### Exercise prompt
The output consists only of the lines from the one with "画像をギャラリービューアに読み込む, CHANEL/シャネル ミニマトラッセシングルフラップチェーンショルダーバッグ" through the end of the records, each printed exactly, and contains no pictures.

Data to examine Block Start

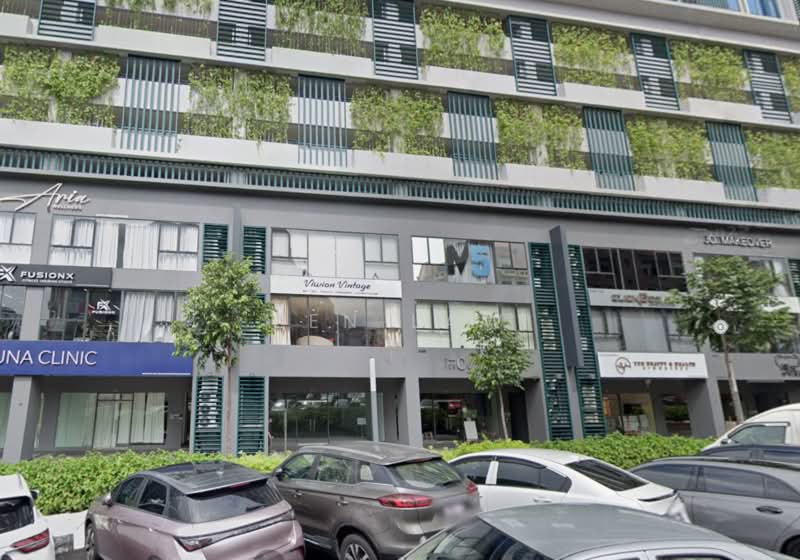Kedai untuk Disewa di Mutiara Central (Cheras) - Zen Law - Exterior - PropertyGuru.com.my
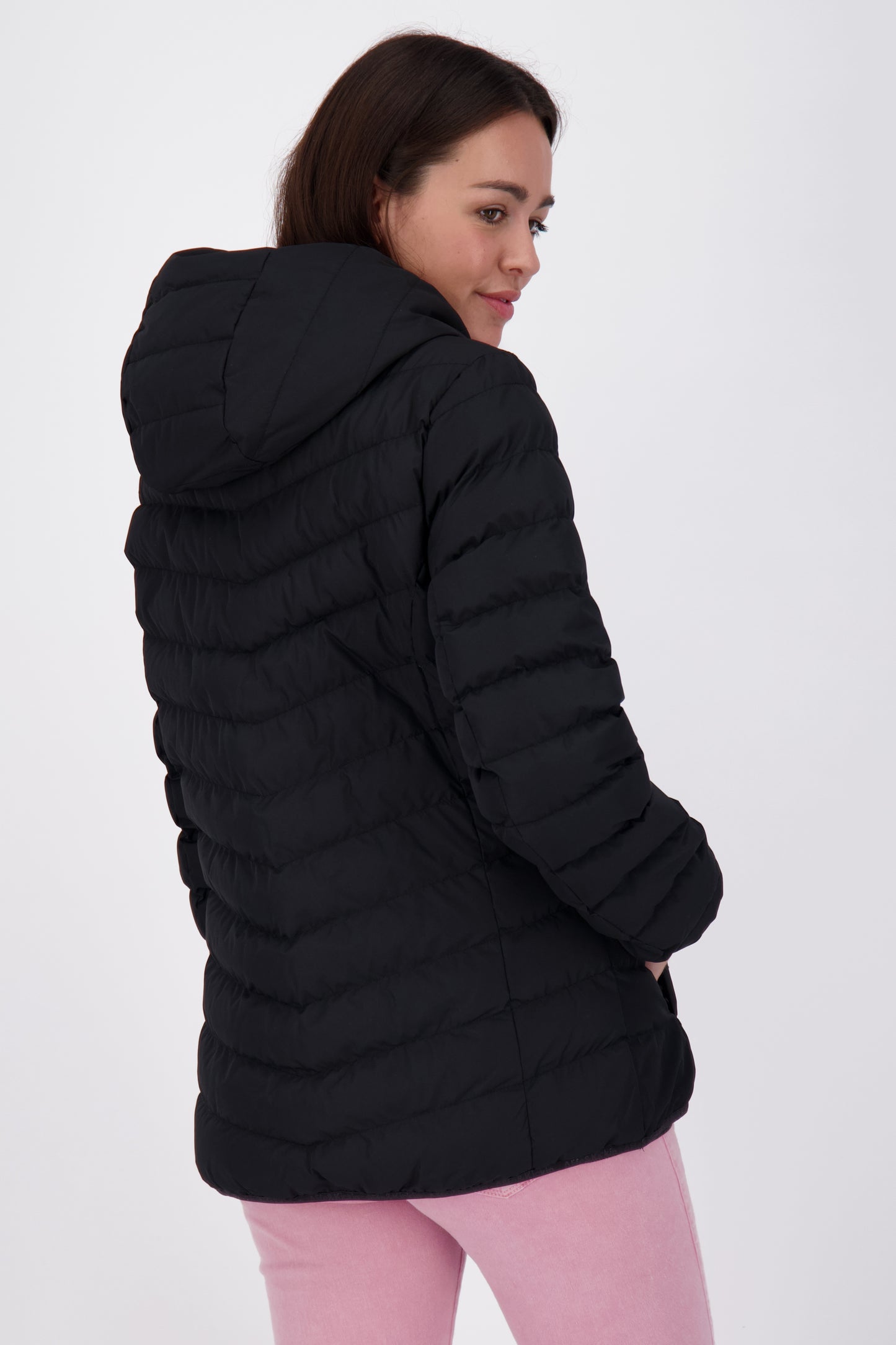 Damenjacke RabeaAK A von Alife and Kickin - warm, stylisch & funktional Schwarz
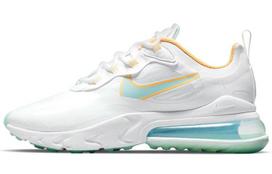 Nike Air Max 270 React Light Dew Lagoon Pulse Women's DJ3027-100 36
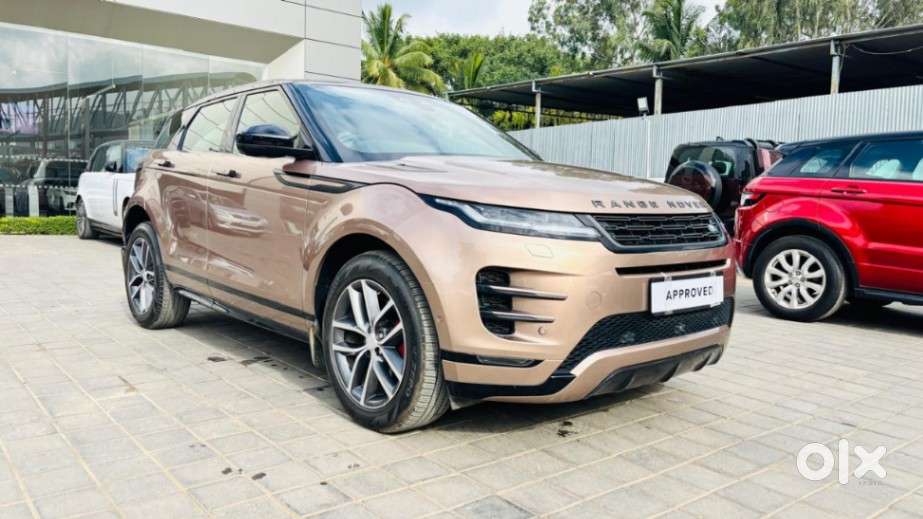 Land Rover Range Evoque Se R-dynamic Petrol, 2024, Petrol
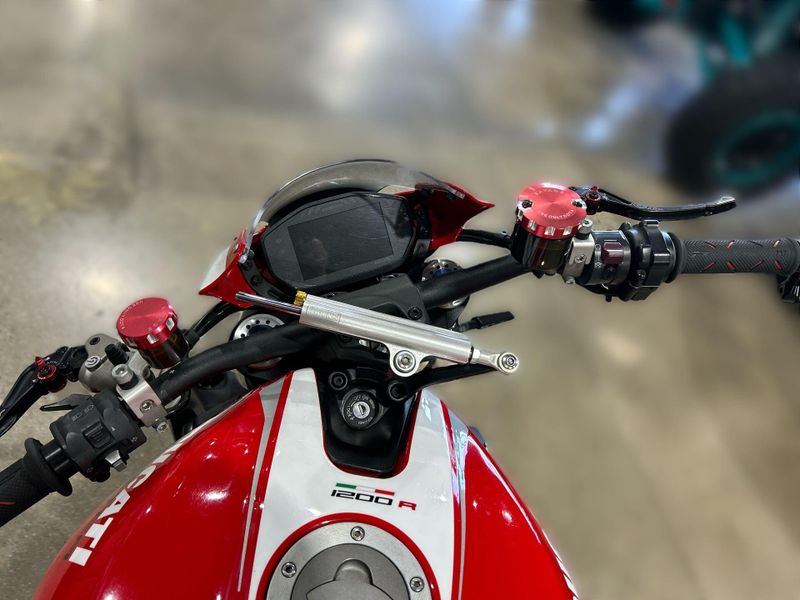 Used 2019 Ducati MONSTER 1200 R Image 24
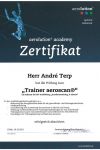 Trainer aeroscan aerolution academy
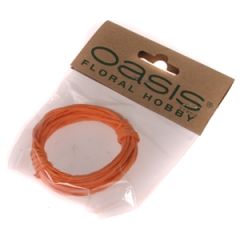 Stieple teipēta 5m 1.5mm oranža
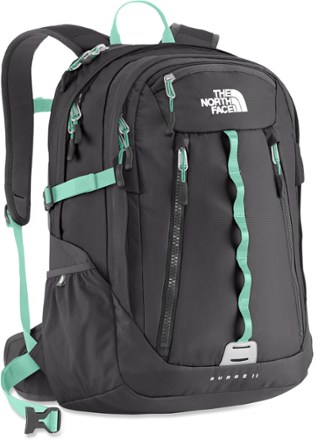 north face surge ii backpack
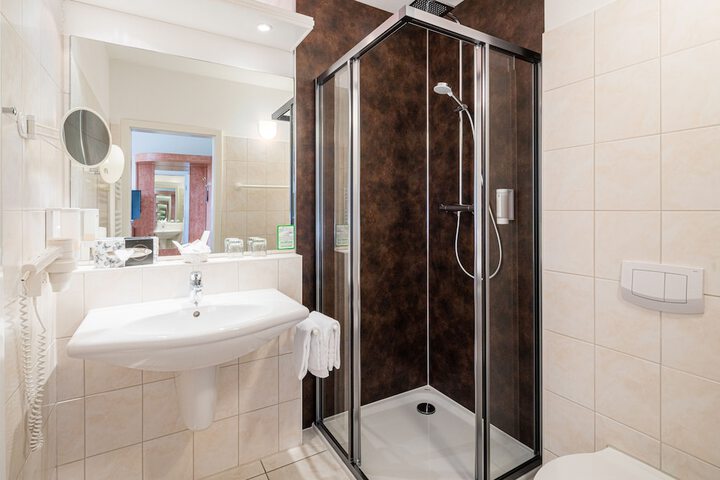 Bathroom Interior Photo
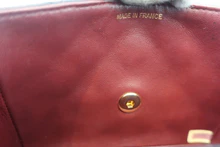 画像をギャラリービューアに読み込む, CHANEL/シャネル ミニマトラッセシングルフラップチェーンショルダーバッグ ラムスキン ブラック/ゴールド金具 ショルダーバッグ 800030199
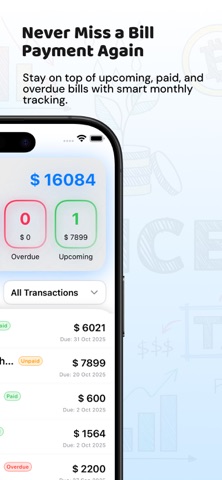 Smart Money Manager & Tracker Screenshot 8 of 10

Data to examine Block End

### Completed exercise
 画像をギャラリービューアに読み込む, CHANEL/シャネル ミニマトラッセシングルフラップチェーンショルダーバッグ ラムスキン ブラック/ゴールド金具 ショルダーバッグ 800030199
 Smart Money Manager & Tracker Screenshot 8 of 10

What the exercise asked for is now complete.